Tuesday, NASA announced the agency will team up with the European Space Agency to build the lunar space station Gateway.

Part of Project Artemis, Gateway will be an outpost for future manned missions to the Moon, as well as a launching point for missions to Mars.

The European Space Agency will provide a refueling module with observation windows, a habitation module, and supply enhanced lunar communcations. In addition, the ESA will also assume operational responsibiity for all of the Gateway elements it provides.

The Gateway contributions are in addition to the two European Service Modules it already will provide for NASA’s Orion spacecraft. The ESMs will propel and power Orion in space, as well as provide air and water for its crew members.

NASA Administrator Jim Bridenstine said the partnership builds on cooperation already in place.

“This partnership leverages the outstanding cooperation established by the International Space Station as we push forward to the Moon.

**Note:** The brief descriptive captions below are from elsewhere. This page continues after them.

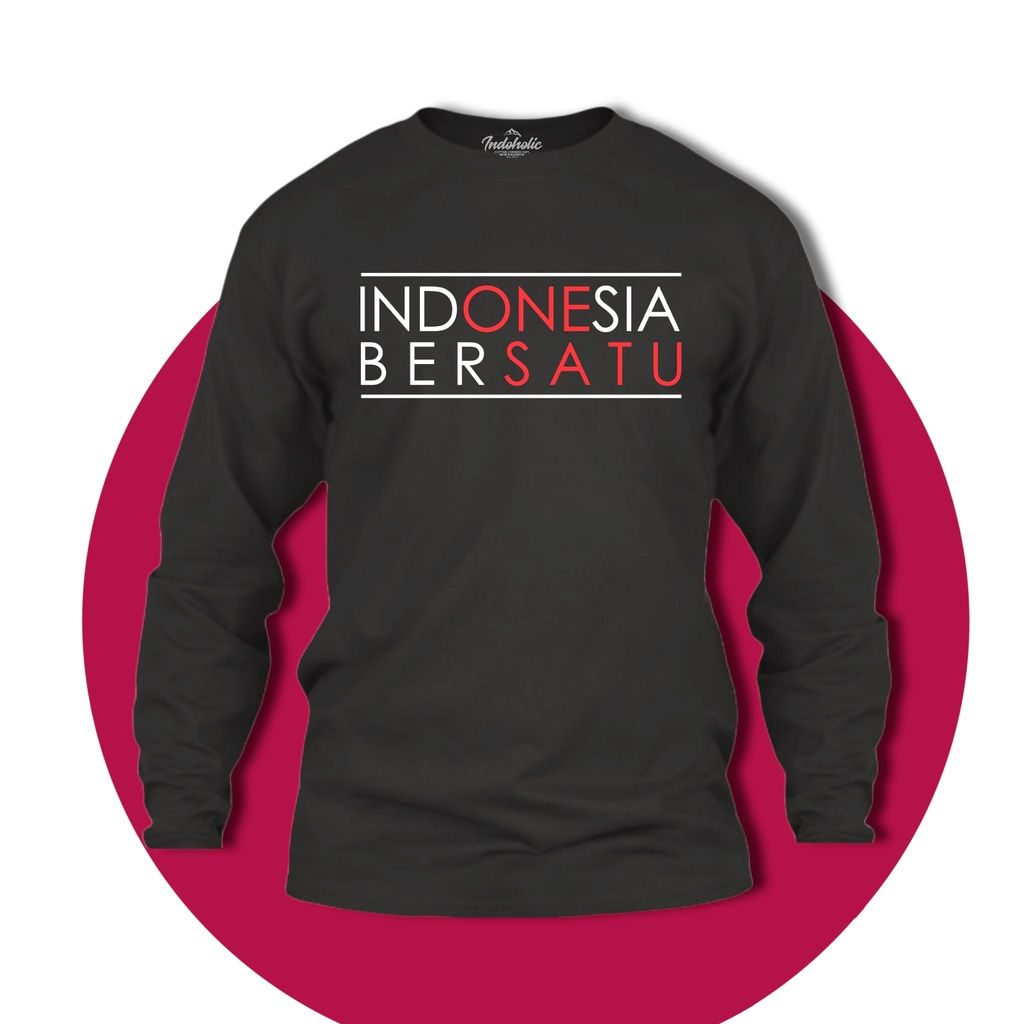 Indoholic Atasan Baju Kaos Distro Kaos Lengan Panjang Pria Wanita Combed 100% Indonesia Bersatu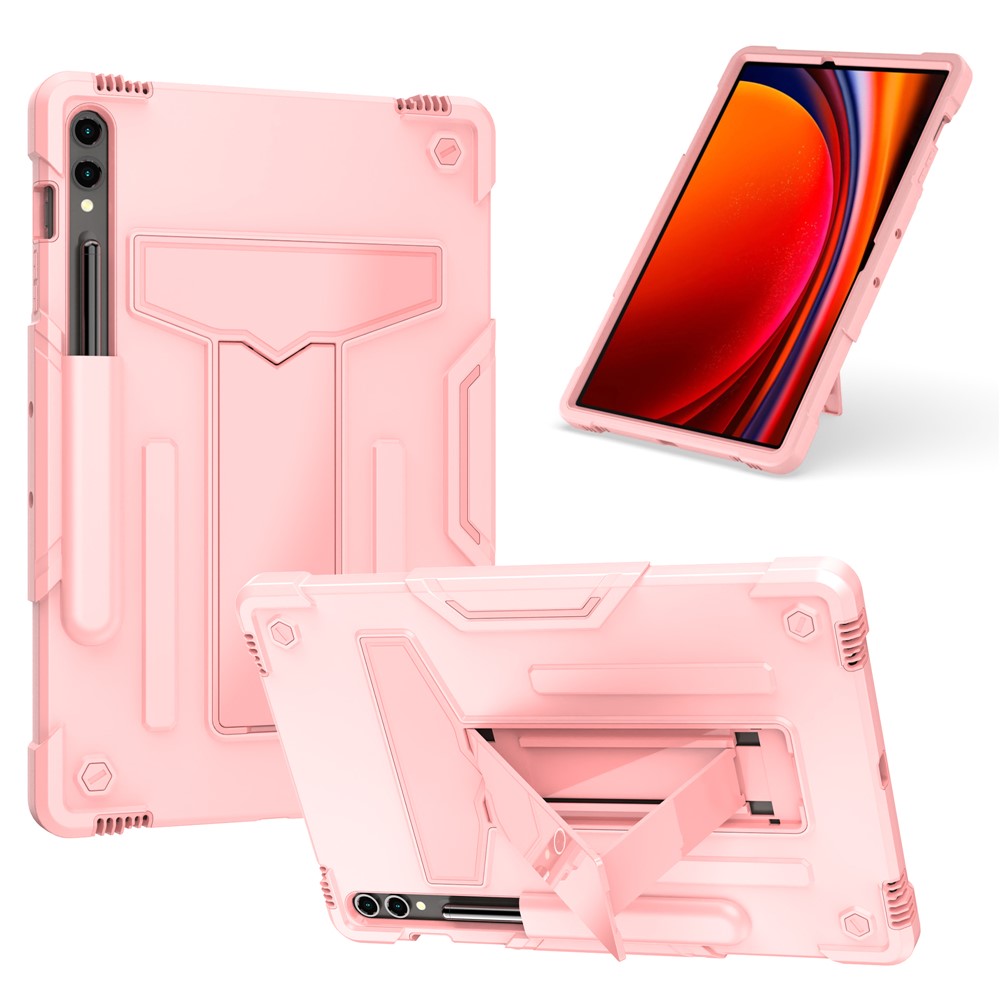 Til Samsung Galaxy Tab S9+ / Tab S9 FE+ Robust Cover med T-formet Støttefod og Beskyttende Tabletcover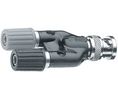RF Adapter, Straight, BNC Plug - 2x 4 mm Banana Socket, 50Ohm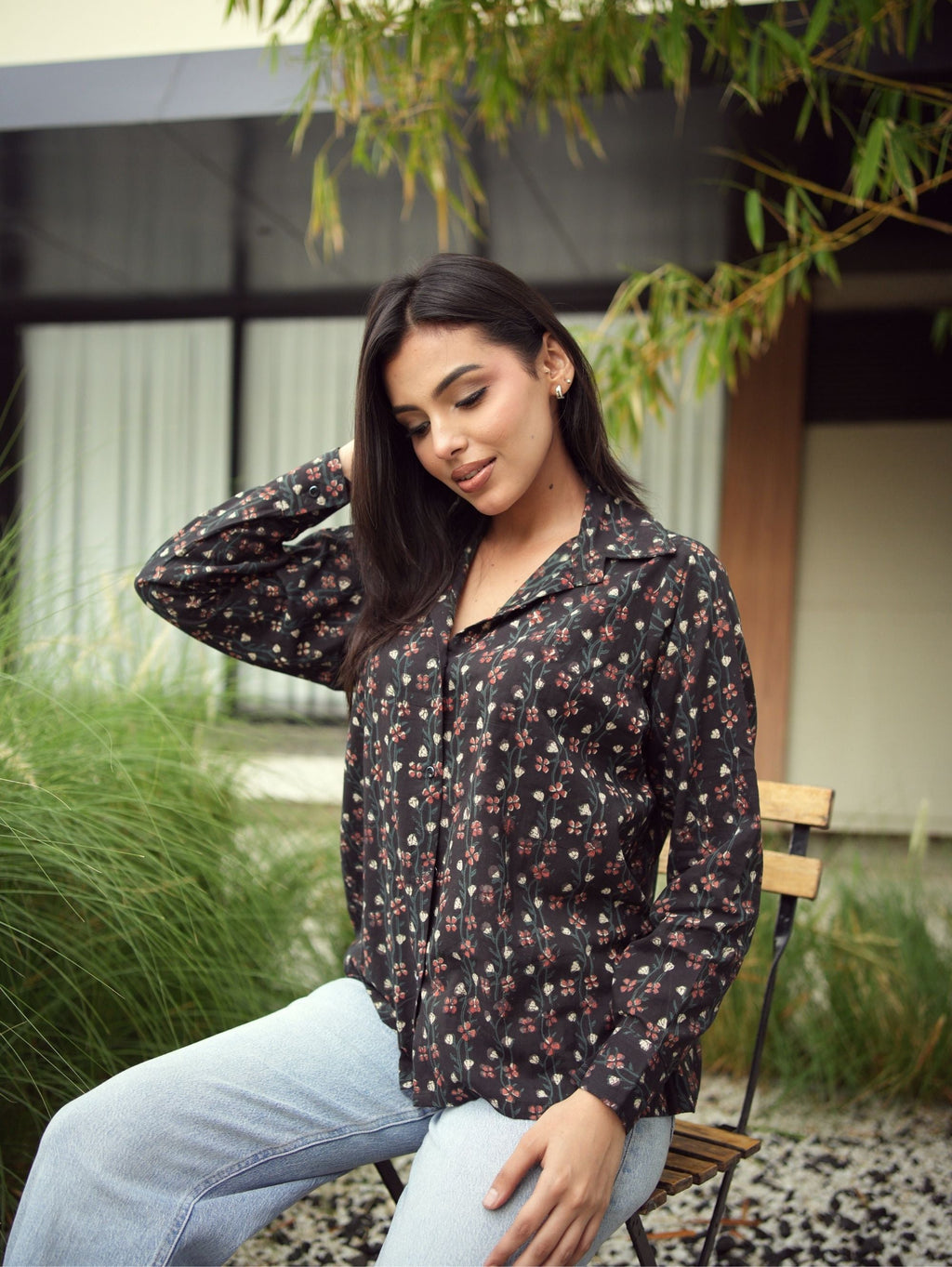Alizeh Oversized Shirt for Women - Black Bagru Print Cotton Shirt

Gateway will continue to expand NASA’s cooperation with international partners like ESA, ensuring the Artemis program results in the safe and sustainable exploration of the Moon after the initial human lunar landing and beyond.”

NASA Administrator Jim Bridenstine

The International Habitation module (I-Hab) will also include components from Japan, along with two docking ports for human landers and the outpost’s Environment Control and Life Support Systems. Experiments will also be housed in the I-Hab and the life support systems with augment those provided by the docked Orion, enabling longer duration stays at Gateway and more robust missions to the lunar surface.

Gateway will be assembled in orbit around the Moon, and will be 1/6 the size of the International Space Station.

Gateway will also serve as a testing ground for technologies for future missions to Mars. NASA has already announced they will use the station to test remote management of autonomous spacecraft systems and other technologies.

In March, the first two scientific investigations to fly aboard the Gateway were selected, one from NASA and the other from ESA. ESA is contributing an experiment to measure space radiation at higher energies, focusing on astronaut protection, with NASA’s experiment monitoring lower energies critical to scientific investigations of the Sun.

Similar to the ISS, Gateway’s international partners will collaborate to share scientific data transmitted back to Earth.